I know I'm dredging up an old thread, but this seemed to be the most pertinent. I'm looking at an Arrow with a Lycoming IO-360 that has 1600 SMOH, but only 135 STOH/SPOH. Should I only plan on getting another 200-400 hours before needing a Major, or should the TO drag that out?
You do a major because the case needs split, which means crank, main bearings, cam, or something weird like a crack or major leak. The bottom end, if cared for, should be good for 2x tbo or more, especially on an o-360. Cam corrosion from sitting is what usually gets lycos. If you had some assurance the cam was is good shape when they had cylinders off, I would expect it to go another 1000 easily.
That said, have a plan because the crank could split in half tomorrow. As far as valuing it, I'd price it like a 1600 hour engine. The top did add life to it, assuming it was done correctly, and not as a bandaid to fix low compression on an abused or neglected engine.
How comfortable you and your IA are with an engine over TBO is a big part of it.

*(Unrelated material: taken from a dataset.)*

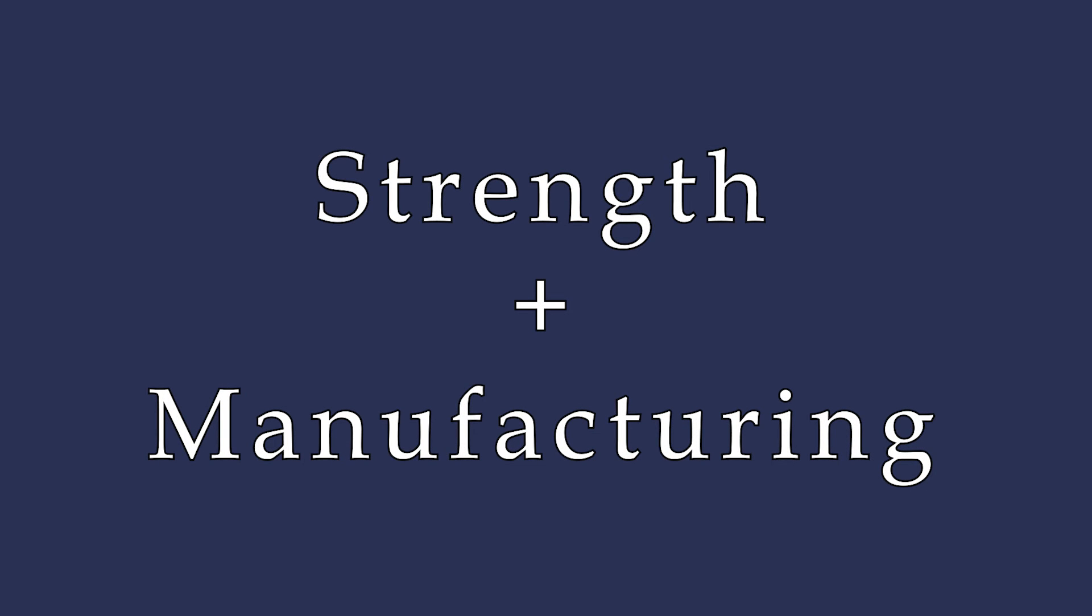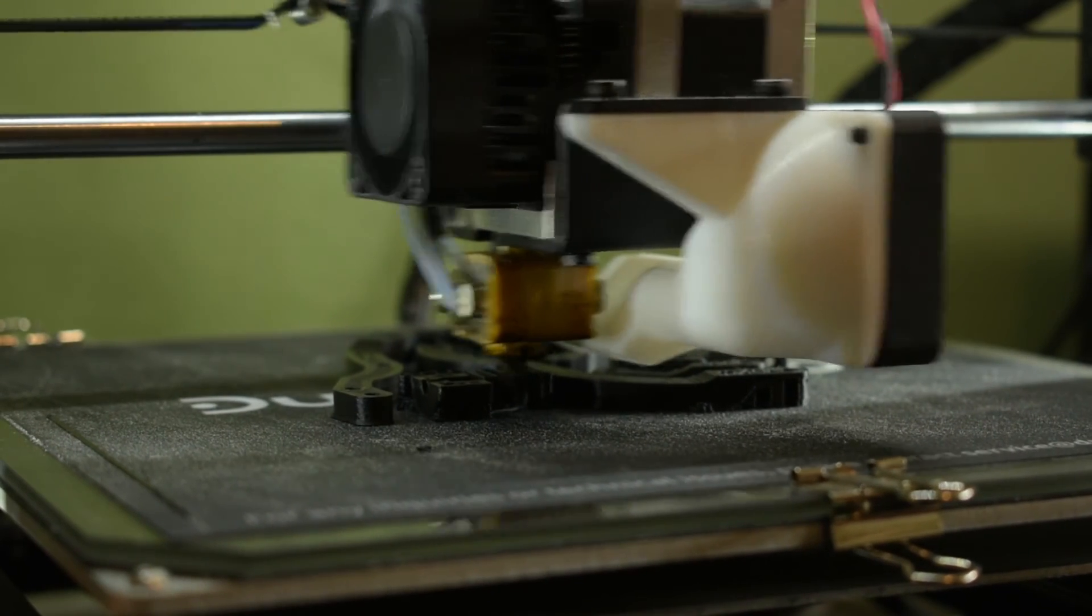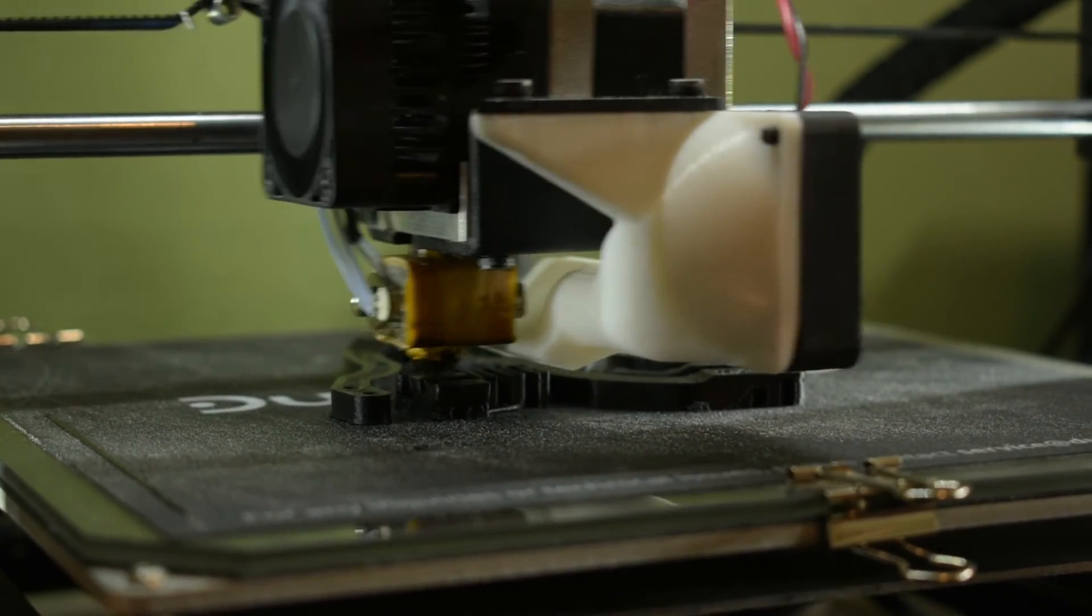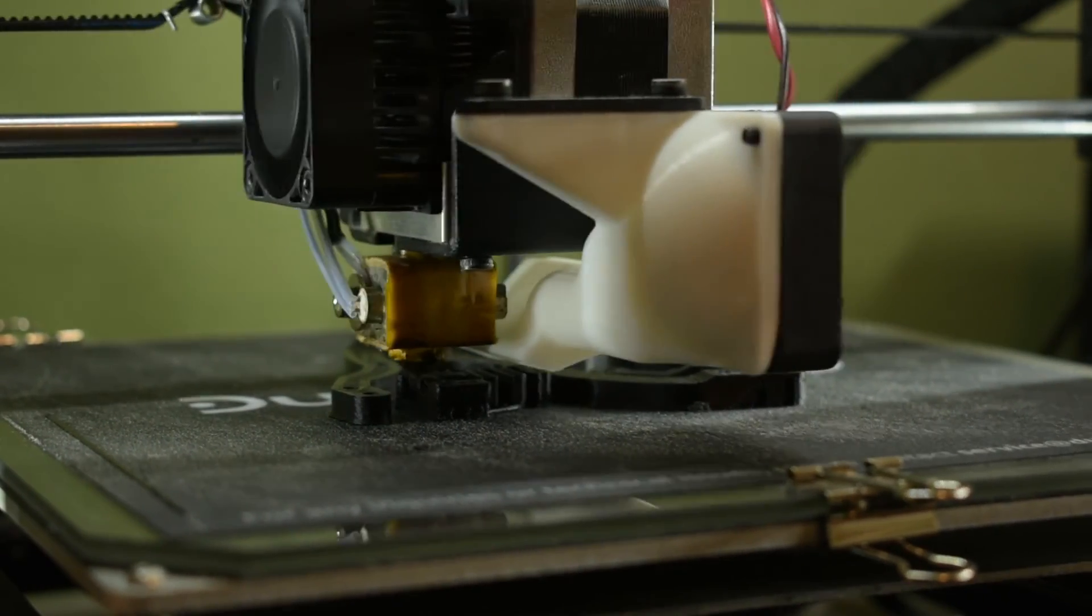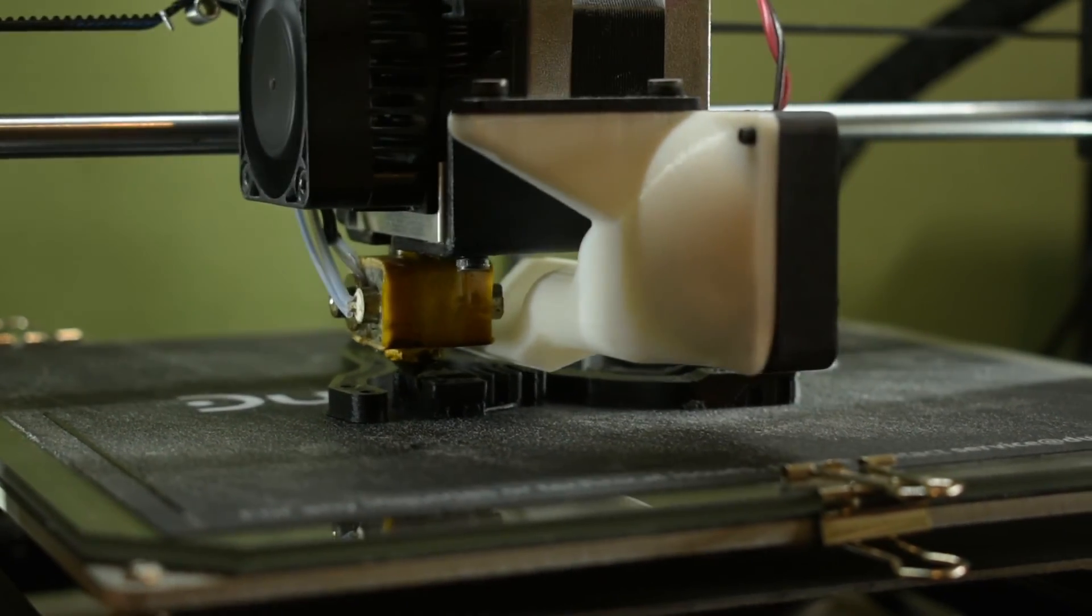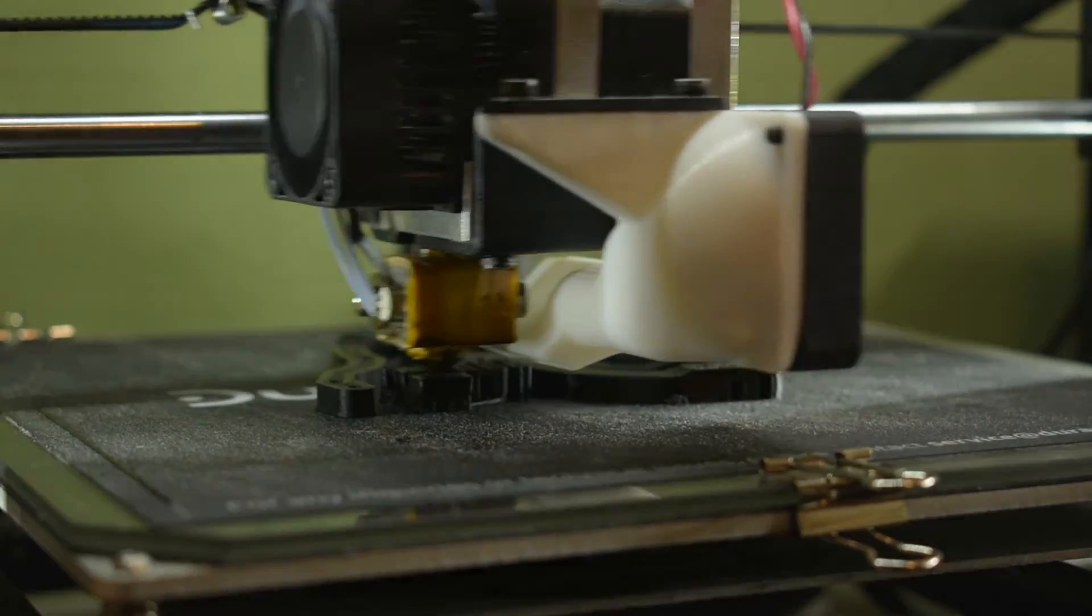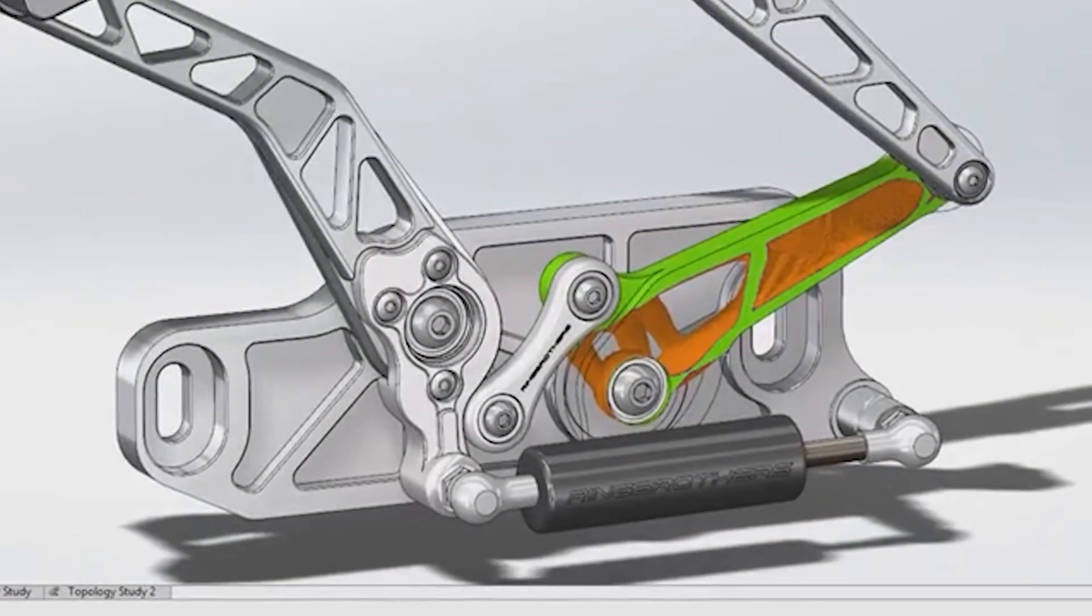Geometries of the finger itself could also be further optimized for both strength and manufacturing. In its current state, the finger requires a considerable amount of support material that could be eliminated with some design changes, and using tools like topology analysis could make the finger both lighter and more durable.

The club I'm in changes engines at tbo+10%, as they're scared of the liability of pushing them any farther. I'm of the belief that an owner should go as long as he's comfortable and the engine isn't "talking to him".
If you haven't found this, it's worth watching (at 1.5x speed):
Opinions vary on Mike, but I think he gets more right than wrong. TBO is his favorite axe to grind and he's written/ said a lot on the subject.